Rappel – pour les mémoires récentes : après deux Séries longues, YDIT s’interroge maintenant sur la suite, les suites, en particulier sur la possible façon de poursuivre une petite route intérieure sur des pistes un peu défoncées (l’addiction ?), muni de pneus un peu trop lisses (à l’inverse de son front). Pour une courte série – « A 75 j’arrête » prétend-il. Mais comment faire court avec le Docteur Simmoneau?

Ydit a pris rendez-vous , avec le bon docteur. Depuis toujours, YDIT fait comme on dit. Cette fois, il continue à préparer ce qu’il va dire. Toute entrevue est une examen, de conscience, de confiance.
Etat de manque? Le besoin affleure sa vase ? L’envie tenaille au fer rouge ? Ydit : « Juste un petit coup, un short, un shoot » ( avec de l’O dans son vain), pour une consommation rapide, clandestine ou presque, légère, sur les rayonnages des meubles où sont rangés les volumes, un petit produit on dirait masqué lui aussi, on ne sait pas ce qu’il y a derrière juste on attrape d’une main sévère et soucieuse ( pas déjà tremblante) le volume réduit, celui à 2 euros, docile à glisser dans la poche arrière du short, avec l’opaque discrétion d’un qui aurait volé sur l’étalage, mais c’est plus de son âge, mince volume à deux balles mais plusieurs instants de plaisir, on ouvre, on hume, on lit. Evidemment, désormais on peut même trouver tous les produits à se faire livrer, un clic ça cloque, un tic ça toque.
Tout ça ne va pas très loin, le choc chic du shoot short, cher de la page, mais c’est pratique, parfois goûteux, insuffisant souvent, discret toujours : ça sert comme ça coûte.
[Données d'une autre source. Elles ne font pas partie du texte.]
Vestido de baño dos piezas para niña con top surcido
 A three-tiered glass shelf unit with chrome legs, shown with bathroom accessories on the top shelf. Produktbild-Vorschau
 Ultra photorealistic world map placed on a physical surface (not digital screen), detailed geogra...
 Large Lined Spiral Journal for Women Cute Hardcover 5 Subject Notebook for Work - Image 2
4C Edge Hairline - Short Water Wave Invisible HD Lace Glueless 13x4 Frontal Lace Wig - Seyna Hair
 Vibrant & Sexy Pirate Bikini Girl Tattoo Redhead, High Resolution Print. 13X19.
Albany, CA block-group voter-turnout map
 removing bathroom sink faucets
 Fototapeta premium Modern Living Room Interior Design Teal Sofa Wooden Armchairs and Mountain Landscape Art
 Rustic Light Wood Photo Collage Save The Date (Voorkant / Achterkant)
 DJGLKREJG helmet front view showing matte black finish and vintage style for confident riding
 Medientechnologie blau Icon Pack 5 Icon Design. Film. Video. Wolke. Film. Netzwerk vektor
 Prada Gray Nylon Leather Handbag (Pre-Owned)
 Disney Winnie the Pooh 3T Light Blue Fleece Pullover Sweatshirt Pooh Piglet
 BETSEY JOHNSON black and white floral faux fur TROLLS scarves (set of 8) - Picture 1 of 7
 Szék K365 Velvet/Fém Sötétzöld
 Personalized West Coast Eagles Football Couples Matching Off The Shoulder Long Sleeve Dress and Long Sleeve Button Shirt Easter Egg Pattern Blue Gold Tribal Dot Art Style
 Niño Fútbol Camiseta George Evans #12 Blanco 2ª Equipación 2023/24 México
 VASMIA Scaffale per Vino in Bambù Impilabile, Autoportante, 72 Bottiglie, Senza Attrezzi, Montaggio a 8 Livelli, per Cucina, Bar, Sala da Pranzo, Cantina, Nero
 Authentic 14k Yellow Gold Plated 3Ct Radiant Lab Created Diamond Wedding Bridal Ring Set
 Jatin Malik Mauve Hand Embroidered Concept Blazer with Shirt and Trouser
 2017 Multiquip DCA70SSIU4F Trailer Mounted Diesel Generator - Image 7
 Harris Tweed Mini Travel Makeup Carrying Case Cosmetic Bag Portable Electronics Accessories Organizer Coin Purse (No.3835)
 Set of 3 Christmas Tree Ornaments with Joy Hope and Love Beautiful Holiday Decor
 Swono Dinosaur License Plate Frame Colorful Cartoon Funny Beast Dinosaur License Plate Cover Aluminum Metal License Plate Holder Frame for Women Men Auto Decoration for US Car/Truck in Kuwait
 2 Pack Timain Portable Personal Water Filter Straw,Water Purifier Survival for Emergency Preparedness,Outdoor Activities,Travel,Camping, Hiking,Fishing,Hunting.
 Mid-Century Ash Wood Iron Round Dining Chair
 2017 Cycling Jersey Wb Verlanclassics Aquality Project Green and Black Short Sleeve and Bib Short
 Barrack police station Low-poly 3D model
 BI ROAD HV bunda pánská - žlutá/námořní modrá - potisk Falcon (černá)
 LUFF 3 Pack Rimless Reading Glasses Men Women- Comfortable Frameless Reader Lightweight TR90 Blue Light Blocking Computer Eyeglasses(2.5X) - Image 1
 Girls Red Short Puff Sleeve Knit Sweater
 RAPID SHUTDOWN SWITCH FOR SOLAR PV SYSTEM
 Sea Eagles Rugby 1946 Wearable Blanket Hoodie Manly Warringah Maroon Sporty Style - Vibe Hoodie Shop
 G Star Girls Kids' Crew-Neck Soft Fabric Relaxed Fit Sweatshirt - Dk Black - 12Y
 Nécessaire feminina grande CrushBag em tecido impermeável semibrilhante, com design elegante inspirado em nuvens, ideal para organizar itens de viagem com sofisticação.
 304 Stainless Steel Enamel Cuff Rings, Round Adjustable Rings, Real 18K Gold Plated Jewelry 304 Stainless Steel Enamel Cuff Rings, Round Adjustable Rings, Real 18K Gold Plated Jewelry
Ydit prépare, donc se souvient encore :
Bien sûr, les jours tranquilles, les soirs sereins, le plus courant ce sont les formats du quotidien, ceux qu’on trouve en montre dans toutes les bonnes vitrines, en caisses d’étalage à la saison du Livre nouveau, dégustation et signature, et jusqu’aux étals banals de chez Attal ou Fatal, les hyper-marchés d’outre-ville : on peut y voir les « foires au livre » à la période des chasses, des rentrées sans classe. Le poissonnier au rayon frais mer, écaille; le boucher, au rayon fais terre, détaille; le conseiller volumes, au rayon air, déraille. Déguisées en liseuses farouches, d’âpres jeunes femmes maquillées au bandeau-annonce (généralement rouge), surgissent depuis le rayon hygiène ou chaussettes hommes pour vous suggérer un achat, au moins deux ou trois conseils.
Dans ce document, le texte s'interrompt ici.